— Problem statement —
Word for word, write the records out again, but omit each picture.

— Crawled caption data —

=======

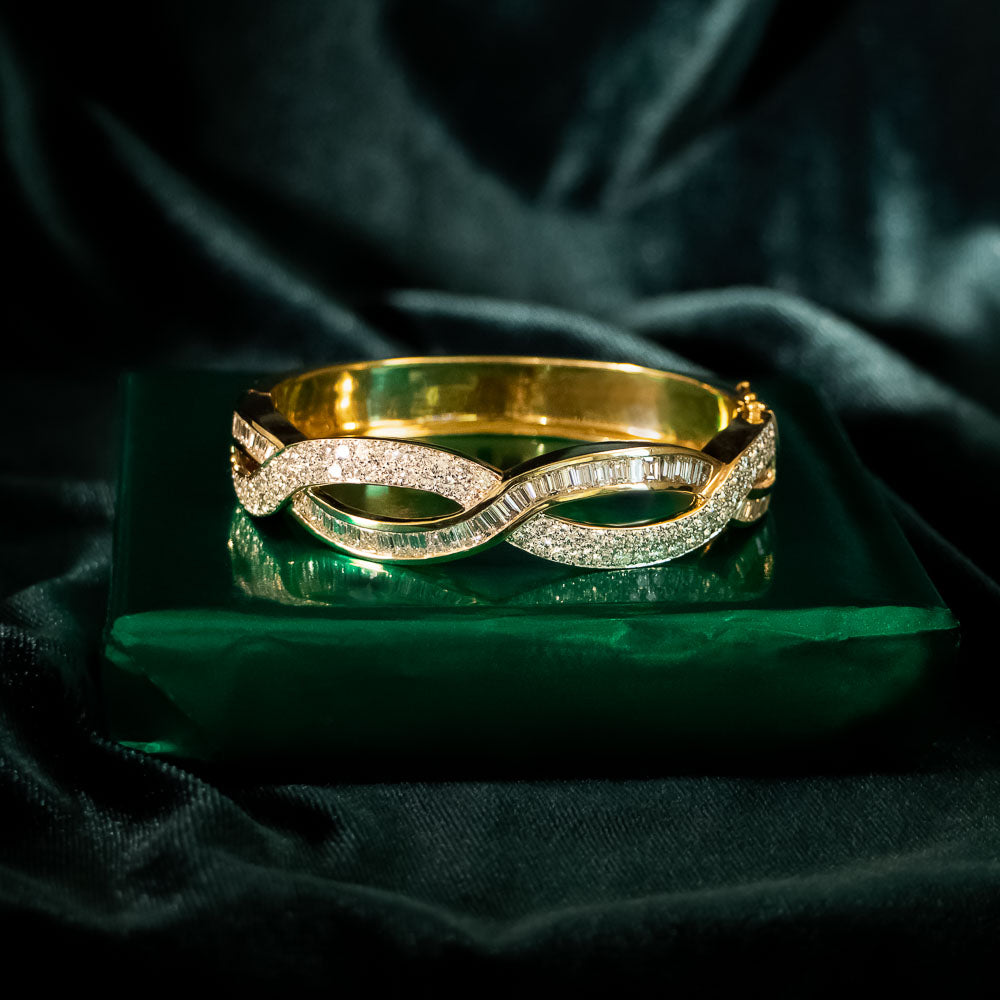Estate 10.00 Carat Diamond Bangle Bracelet - 10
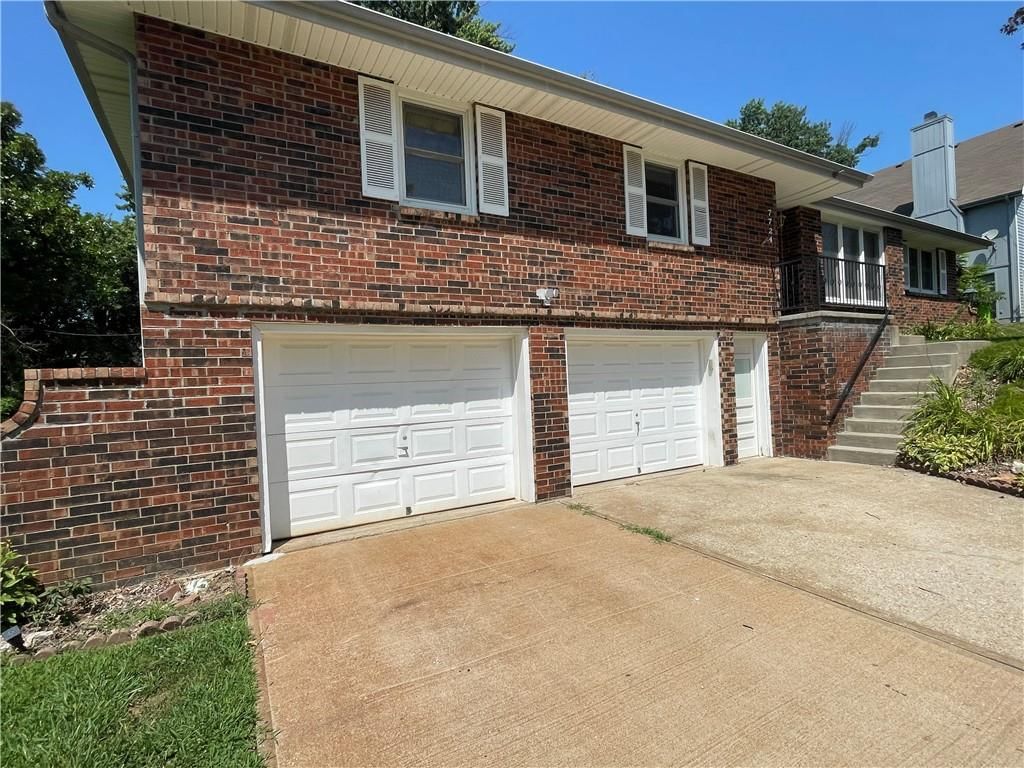 7724 NW Eastside Drive — photo 4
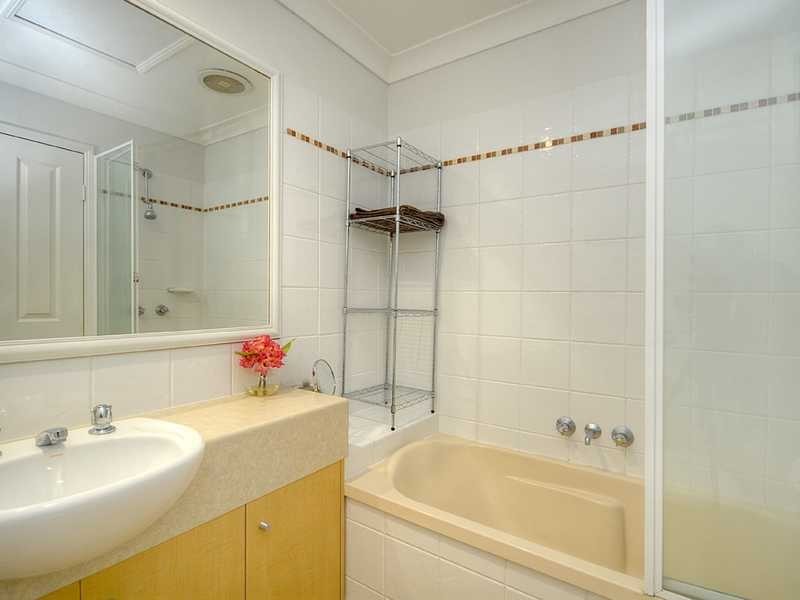 217/64 Gilston Road, Nerang QLD 4211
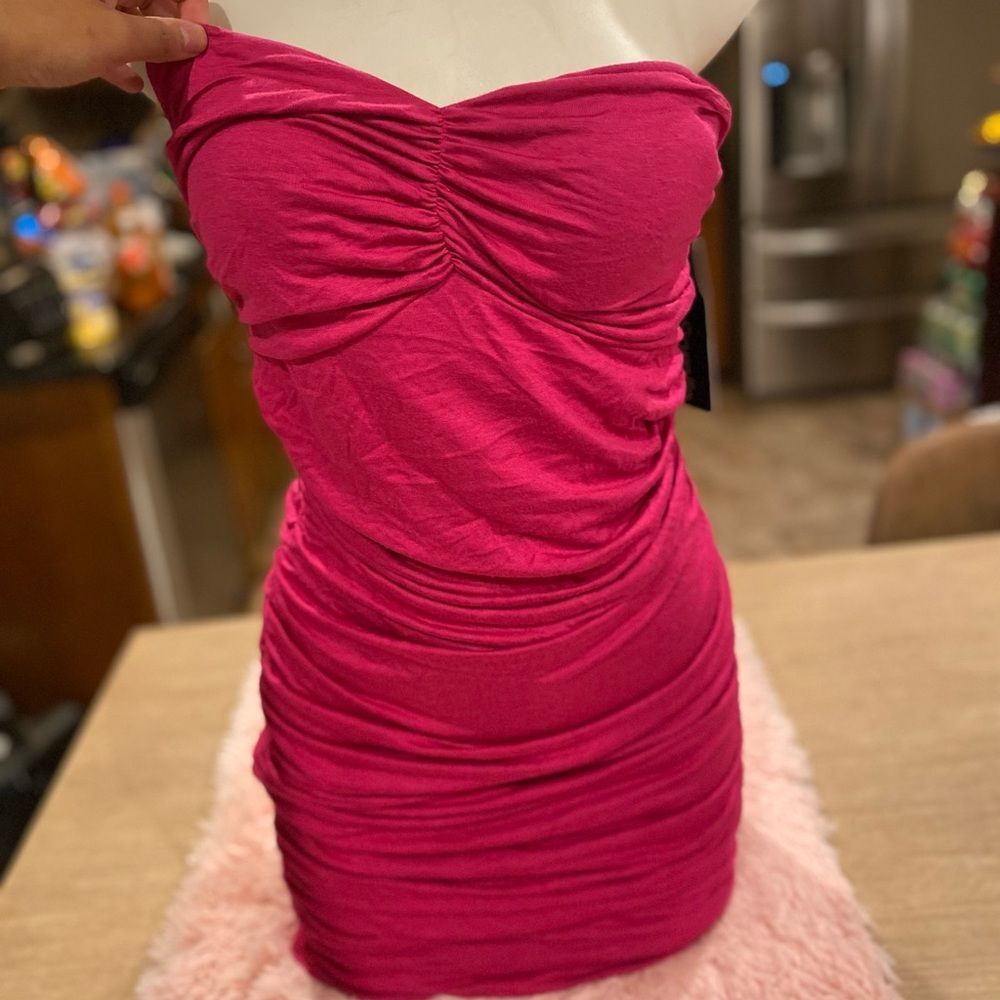 Mystic Strapless Ruched Cutout Back Mini Dress Womens Medium NWT Hot Pink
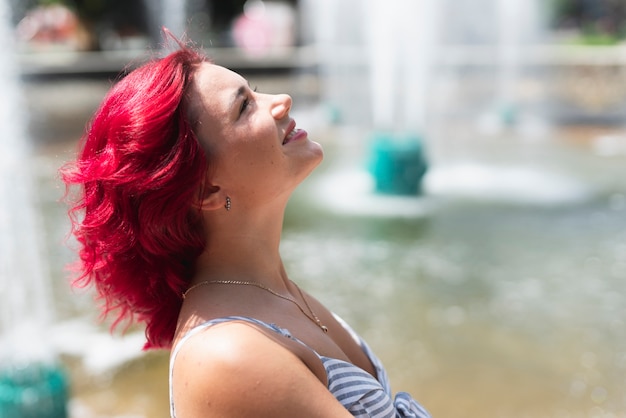 Vista laterale della donna con i capelli rossi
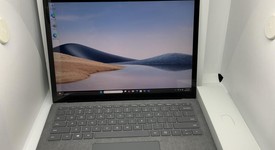 Good
													Microsoft Surface Laptop 4 - Ryzen 5, Platinum, 256 GB, 16 GB, 13.5", photo 1 of 10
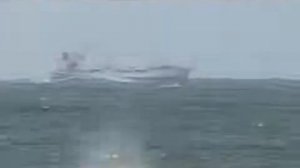 Корабль в бурю заливает водой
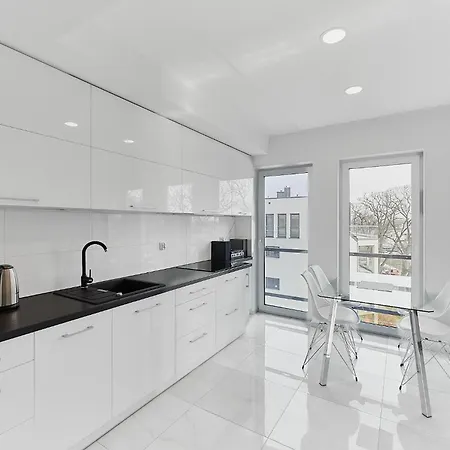 - Nowa Flotylla Apartment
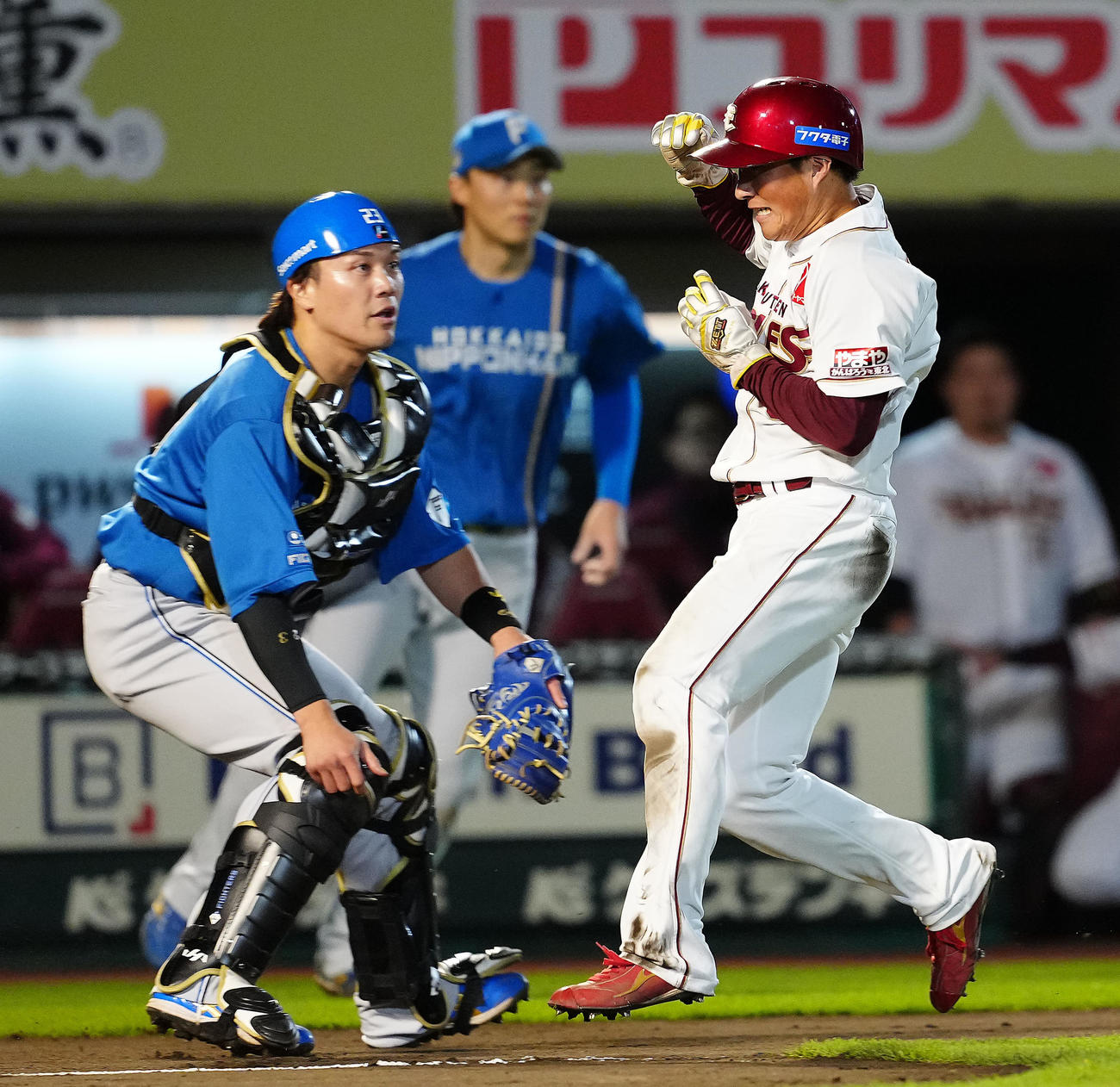 楽天対日本ハム　4回裏楽天1死一、三塁、浅村栄斗の右犠飛で生還する小深田（撮影・たえ見朱実）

=======

— Answer to this exercise —
Estate 10.00 Carat Diamond Bangle Bracelet - 10
 7724 NW Eastside Drive — photo 4
 217/64 Gilston Road, Nerang QLD 4211
 Mystic Strapless Ruched Cutout Back Mini Dress Womens Medium NWT Hot Pink
 Vista laterale della donna con i capelli rossi
 Good
													Microsoft Surface Laptop 4 - Ryzen 5, Platinum, 256 GB, 16 GB, 13.5", photo 1 of 10
 Корабль в бурю заливает водой
 - Nowa Flotylla Apartment
 楽天対日本ハム　4回裏楽天1死一、三塁、浅村栄斗の右犠飛で生還する小深田（撮影・たえ見朱実）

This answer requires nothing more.